神社仏閣探訪シリーズ。
今回は大阪の旧河内国南部、いわゆる南河内にある神社を2つ取り上げたいと思います。訪問は少し前、今年のお花見の季節とお正月です。いずれも大都市郊外にある中~小規模な神社です。周囲をくまなく探すと面白いものも見つかります。
以下、藤井寺市にある伴林氏神社と羽曳野市にある大津神社の2つの神社と、その周辺の記録です。
(1)伴林氏神社とその周辺
まずは伴林氏神社(ともばやしのうじのじんじゃ)です。
最寄り駅は近鉄南大阪線の土師ノ里(はじのさと)駅。以前に澤田八幡神社という、境内に線路と踏切がある謎のおもしろ神社を紹介したことがありましたが、そのときに登場したのが土師ノ里駅でした。
今回は土師ノ里駅を降りて北に向かいます。旧170号線に沿ってしばらく北に歩いた後、左折して西に向かうと住宅地の中に伴林氏神社が見えてきます。
鳥居の様子。
本殿。
伴林氏神社は都市郊外の神社にしては敷地はそれなりに広く、立派な神社である印象を受けますが、あまり有名な神社ではなく、山川出版社の「大阪府の歴史散歩」(たいていの神社はこの本で紹介されている)にも掲載されていません。

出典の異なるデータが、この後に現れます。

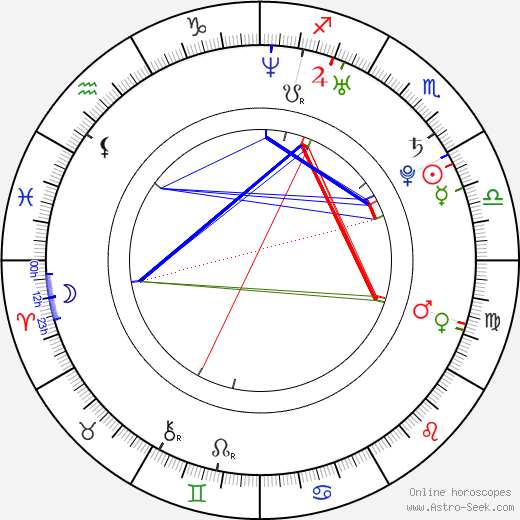 Alona Tal birth chart, Alona Tal astro natal horoscope, astrology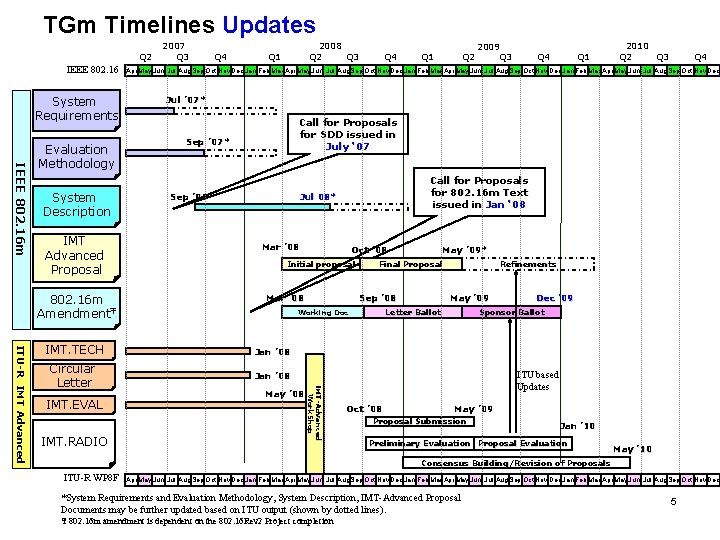 TGm Timelines Updates Q 2 IEEE 802. 16 System Requirements IEEE 802. 16 m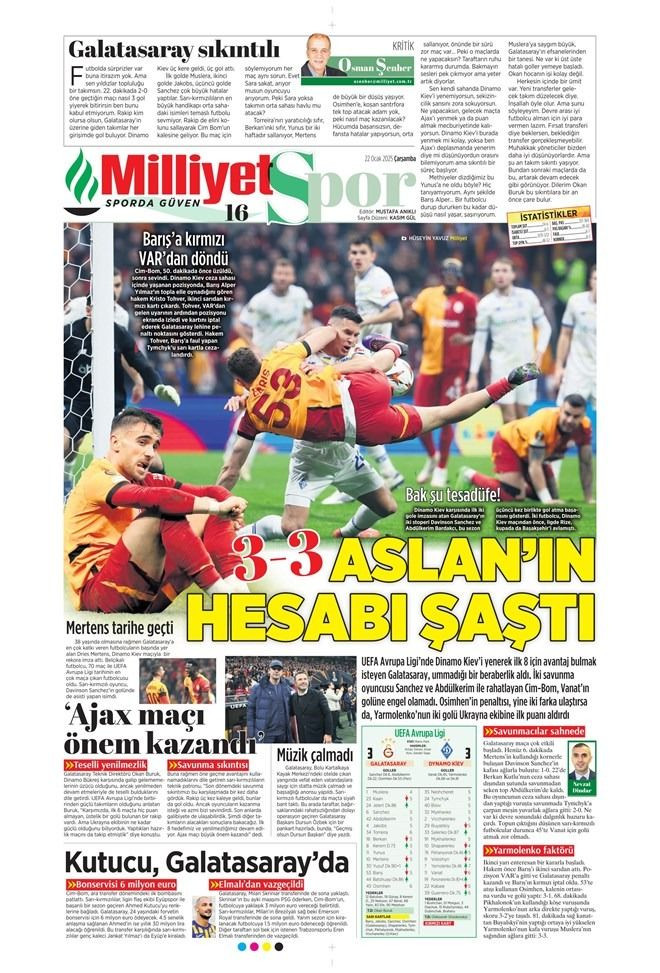 Günün spor manşetleri: 'Aslanın kabus gecesi' - Sayfa 4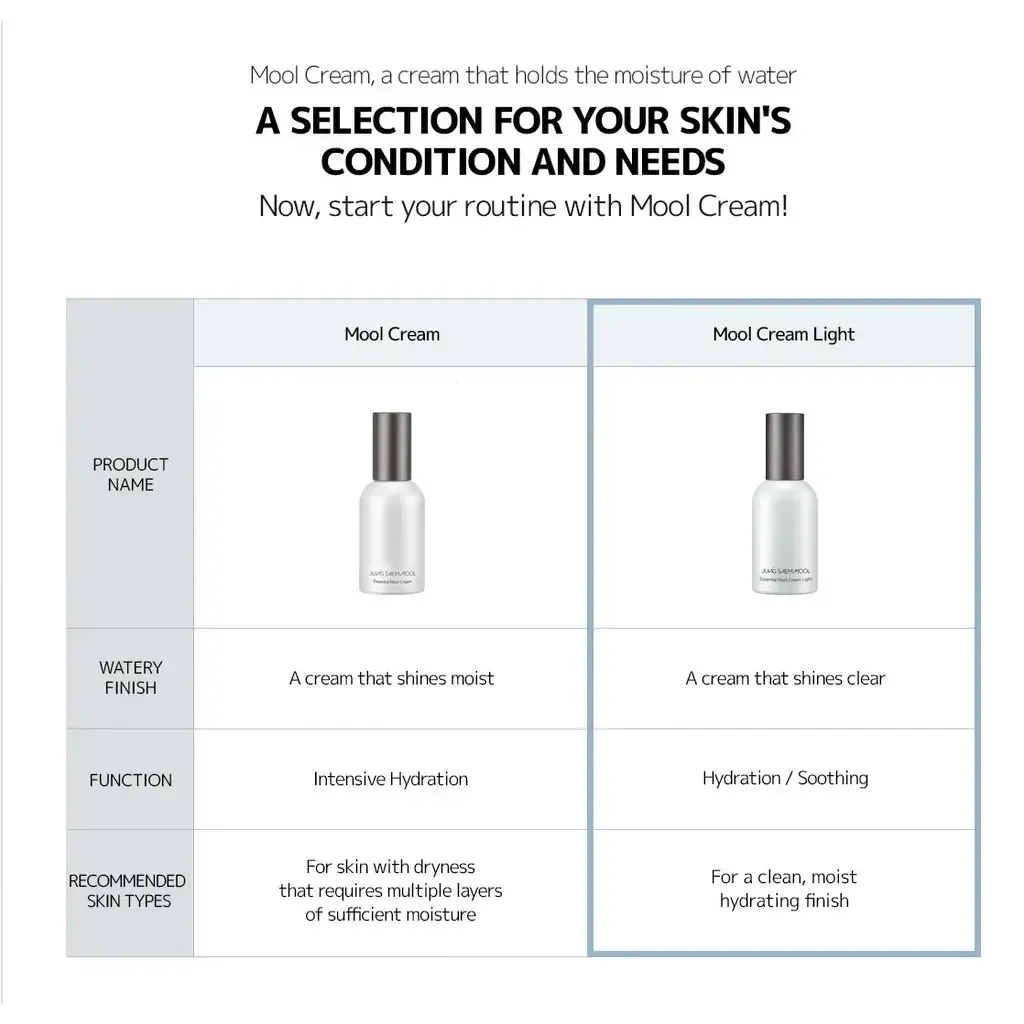 JuzBeauty_JuzBeautyMalaysia_JuzPretty_Authentic_Kbeauty_Malaysia_Skin_Care_Cosmetics_K-beauty_Health_Care_korean_streetwear_JUNGSAEMMOOL Essential Mool Cream Light 妆前乳保湿面霜15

神社の案内によると、古代の軍事氏族であった大伴氏を祀る神社であるとのこと。大伴氏は古代の大伴金村(武烈天皇で応神-仁徳系が断絶した後、継体天皇の即位に関わった人物として有名)に始まり、奈良時代の有名歌人である大伴家持を輩出した後、9世紀前半ごろに伴氏に改名(淳和天皇の生前の名であった大伴親王との混同を避けるためと言われる)します。その後「伴大納言絵詞」で有名な応天門の変(野郎むかつく(866年)応天門)での伴善男の失脚と同時に、ほぼ歴史から消えた一族です。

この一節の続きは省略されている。